All'illuminazione dell’albero, venerdì 9 dicembre, erano presenti 400 trentini accompagnati dal vescovo Tisi e dal governatore Rossi
Ancora una volta, nel tempo dell'Avvento, la Città del Vaticano accoglie un omaggio della comunità trentina. Viene dalla val Campelle il grande albero di Natale che, accanto al presepe donato dalla comunità maltese, si erge in piazza San Pietro. A consegnarlo al Papa, lo scorso venerdì, il vescovo Lauro Tisi e il presidente Ugo Rossi, insieme a una delegazione di 400 pellegrini trentini, perlopiù valsuganotti: presenti, tra gli altri, alcuni sindaci della Bassa Valsugana, i vigili del fuoco volontari che hanno aiutato nel trasporto a valle, e i ragazzi dell'istituto alberghiero di Rovereto e Levico Terme che hanno cucinato un dolce (zelten) donato al Papa.
“L’albero invita a vigilare e custodire – ha detto il vescovo Lauro nel suo saluto a Papa Francesco -, come Lei ha richiamato nell’enciclica Laudato Si’, quello stupendo dono che Dio ci ha fatto con tante bellezze naturali, patrimonio della nostra terra”.
E alle bellezze del Trentino ha fatto riferimento il Papa stesso, nel suo saluto ai donatori dell'albero e del presepe riuniti in sala Nervi, dopo la Messa nella basilica di S. Pietro. L’abete rosso, ha ricordato Francesco, “proviene dai boschi di Scurelle, ai piedi della catena montuosa del Lagorai, contornata da un’incantevole natura, con fiori, piante e ruscelli cristallini che costeggiano i sentieri. La bellezza di quei panorami è un invito a contemplare il Creatore e a rispettare la natura, opera delle sue mani.
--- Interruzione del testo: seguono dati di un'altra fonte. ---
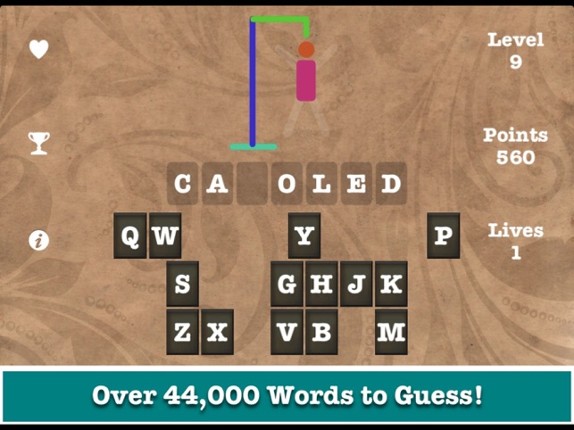 Stress Free Hangman 44k screenshot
Siamo tutti chiamati ad accostarci al creato con stupore contemplativo”.
Il presepe è opera di un artigiano di Gozo, Manwel Grech, e riproduce il paesaggio maltese; “è completato dalla tradizionale croce di Malta e dal “luzzu”, tipica imbarcazione maltese, che – ha sottolineato il Papa – richiama anche la triste e tragica realtà dei migranti sui barconi diretti verso l’Italia”. Nella loro esperienza di sofferenza, ha suggerito il Papa, “rivediamo quella del bambino Gesù, che al momento della nascita non trovò alloggio”. Così il presepe, quello in piazza S. Pietro come quelli allestiti nelle chiese, nelle case e in tanti luoghi pubblici, “sono un invito a far posto nella nostra vita e nella società a Dio, nascosto nel volto di tante persone che sono in condizioni di disagio, di povertà e di tribolazione”.
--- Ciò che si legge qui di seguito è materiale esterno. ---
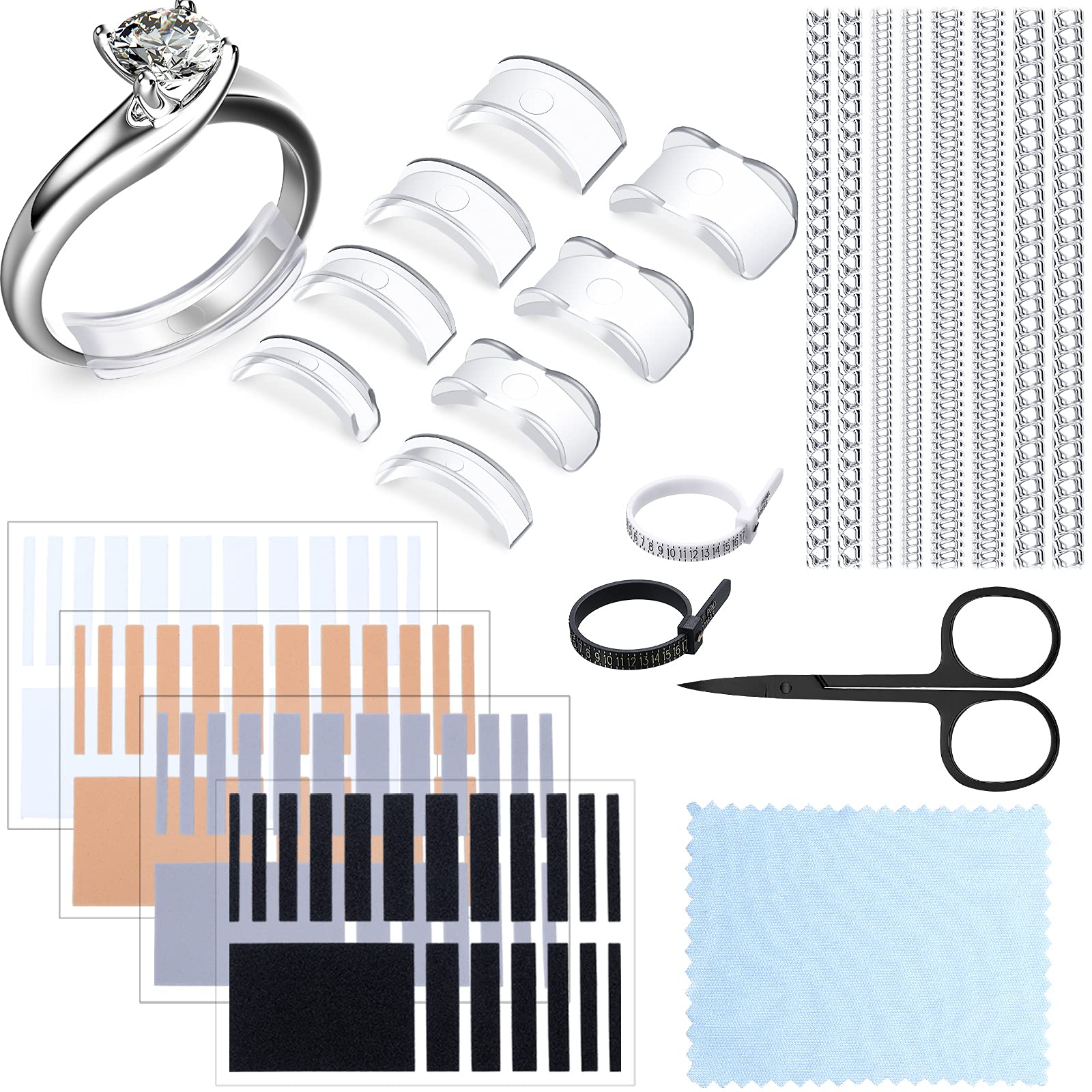 Hicarer Invisible Ring Sizer Adjuster Ring Spacer Ring Guards Ring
Un richiamo ripreso anche da mons. Tisi e dal presidente Rossi durante la cerimonia in piazza, nel pomeriggio, con l’inaugurazione del presepe e l’illuminazione dell’albero, accompagnata anche dal coro Lagorai di Torcegno. Rossi ha fatto presente l'impegno che portano questi due simboli: quello di “ricostruire questa idea di Europa ferma, salda, fiduciosa nei propri valori e nelle proprie tradizioni, ma anche un'Europa che sappia accogliere, che sappia integrare, e che non giri la testa da un'altra parte quando si presentano le sfide che persone che vogliono venire nel nostro continente ci pongono davanti tutti i giorni". Il vescovo Lauro ha ricordato la provenienza dell’albero dalla Valsugana, “terra che, storicamente, ha vissuto, più di altre, la dura realtà dell’emigrazione. Anche quest’albero è, in fondo, un testimone secolare di chi, non senza grande sofferenza, ha dovuto staccarsi dalle proprie radici per rintracciare terreno fertile altrove. Quest’ora della storia ci ripropone, in forma drammatica, la provocazione dei migranti. L’albero, solido legame alla terra, ci aiuta dunque a pensare alle nostre sorelle e ai nostri fratelli, costretti a lasciare la loro terra. L’albero è visibile anche a distanza. La luce che esso porta, qui come ogni albero vestito a festa, ce lo fa così immaginare come un faro. Il segnale di una presenza, di un approdo sicuro”. “L'augurio reciproco – ha concluso il vescovo – “è di tenere viva questa luce”: “Dio stesso, che viene a noi come bambino, ci chiede di accenderlo ed essere, noi per primi, un grembo accogliente per Lui, per le nostre sorelle e i nostri fratelli”.